DR: I was writing a piece one day and had a thought that Gandhi wasn't born Gandhi. Gandhi became Gandhi. He just kept making choices, taking one step and then another. What we have the tendency to do sometimes is to look at what is potentially the whole journey, get overwhelmed and then give up. Isn't it about making choices to just get up and show up and to choose not to give up? Isn't that what will equip you?
AM: Yes. I was just going about my business and then Marty, who was the son that we had wanted, came along. I wasn't trying to save anybody. Now I realize that my whole life has equipped me to do this, even though in the beginning, I wasn't aware of that fact.
DR: Tell me about your non-profit organization.
AM: We work primarily in undeserved communities. Children in African American and Latino communities are typically diagnosed two to four years later than White children and are twice as likely not to receive quality healthcare, evaluations and intervention services. I am familiar with poor communities, having grown up in a poor community in North St. Louis.

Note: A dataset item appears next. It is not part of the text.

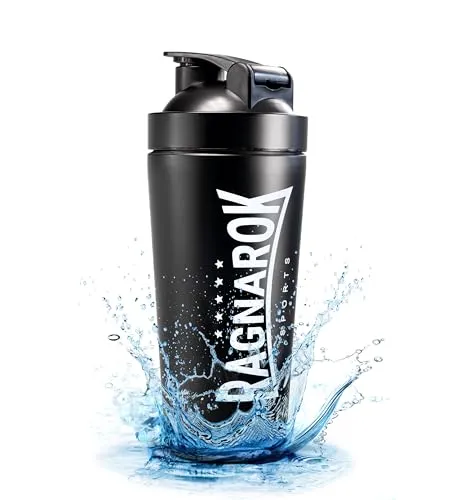 RAGNAROK Edelstahl Shaker Protein 750ml Metallshaker Trinkflasche mit Kugel Sport Fitness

We go into poor communities and teach advocacy. We teach parents how to prepare documents for meetings, how to attend meetings and how to work within the system. We connect them with financial resources. We do a camp for kids. The organization is really about closing the gap.
DR: What is it that you could say to people who have no experience with autism that would allow for the compassion that would make such a difference for a child or a family?

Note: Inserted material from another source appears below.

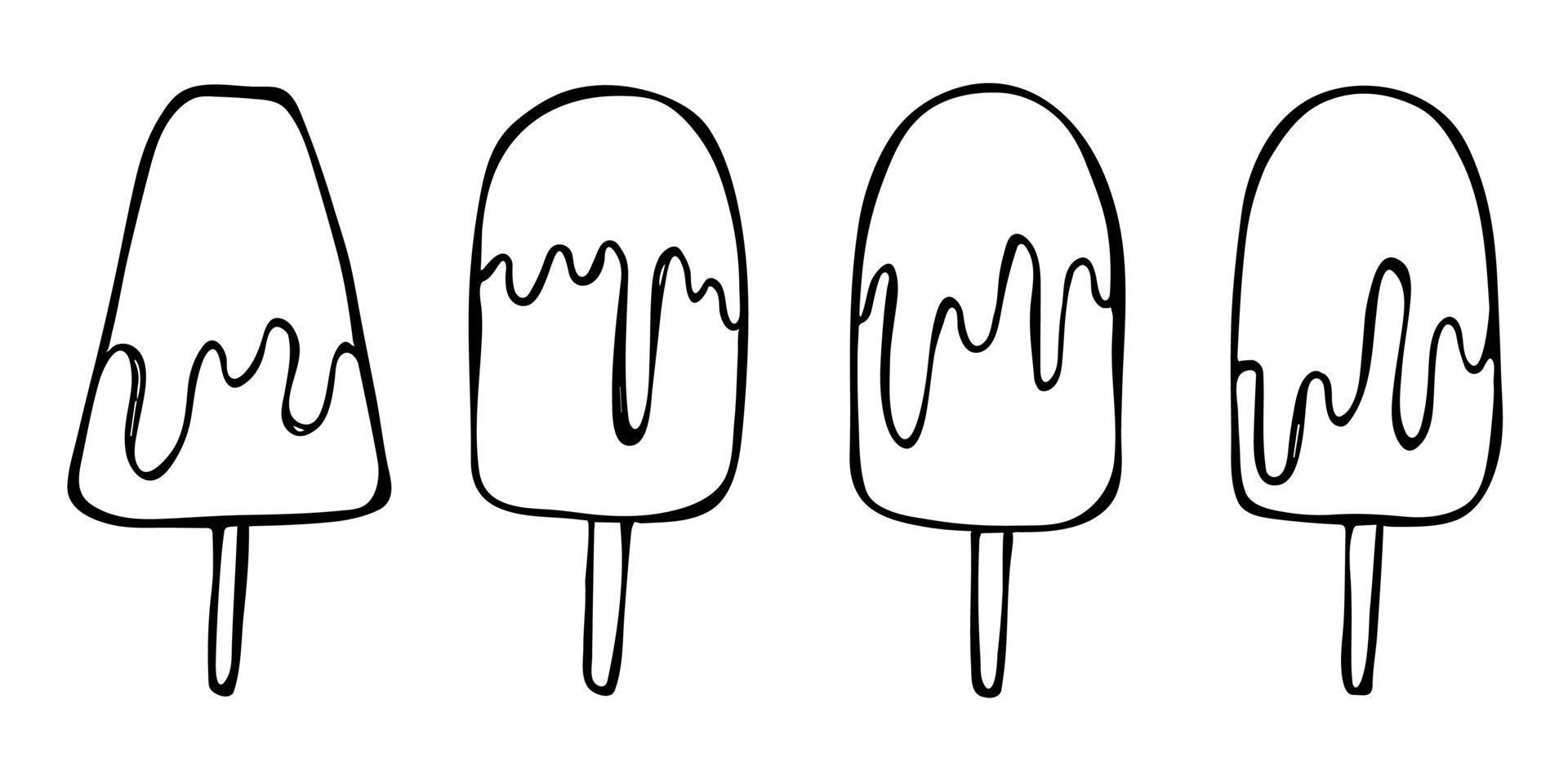 conjunto de vectores de ilustración de helado dibujado a mano. lindas imágenes prediseñadas de postre. para impresión, web, diseño, decoración, logotipo.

AM: First of all I would say, "Buy the book"!
Secondly I would say that we all have an opportunity to be advocates. We are all going to be touched by autism. Soon we will all know someone who is autistic. We all have an obligation to anyone with any kind of disability to work together to create an environment where they can live with dignity in our communities.
One of the biggest issues that parents have is going out and feeling embarrassed because your child is having a difficult time or a tantrum and people are staring at you...

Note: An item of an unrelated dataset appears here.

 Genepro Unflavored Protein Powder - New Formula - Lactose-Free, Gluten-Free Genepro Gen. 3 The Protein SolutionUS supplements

DR: Or shooting a dirty look...
AM: If people would just think for a moment before they do that. If they would turn their head and recognize that it's none of their business - just that would make the difference between someone feeling comfortable going out into their own communities or not.
That is what advocacy can do. It can create an awareness and a sensitivity that is really needed.
DR: A hundred years from now what do you want to be remembered for?
AM: Two words:
The Special Needs Network, Inc
ABOUT SPECIAL NEEDS NETWORK, INC.
Autism is the fastest-growing childhood disease in America. A recent study published in the American Academy of Pediatrics Journal confirms that one in every 91 American children, including on in every 58 boys born today will be diagnosed with autism. The Center for Disease Control reports that one in every 150 children has autism. In California alone, two children are diagnosed every hour. This complex neurological disorder is taking its toll on school districts, communities and families across the nation. And nowhere is the impact felt more than in communities of color, where both diagnosis and services are delayed two years on average--two years lost for a child who needs early intervention for his developing brain. Two years without valuable therapies that can make the difference between her ability to someday live on her own – or lead a life of institutionalized care. This is the reality for thousands of special needs families who live in disenfranchised communities. And this is the reality that Special Needs Network, Inc. is committed to change.
Special Needs Network, Inc. is responding to the crisis of autism and other developmental disabilities in underserved communities by providing educational forums, resources, and specialized learning opportunities for parents and care givers of special needs children, intervention programs and advocacy training. Founded in 2005, SNN grew out of the struggles of two mothers whose sons were diagnosed with autism. Co-founder and President Areva Martin son’s diagnosis and her personal struggles to access services convinced her that an organization like SNN was overdue in South Los Angeles.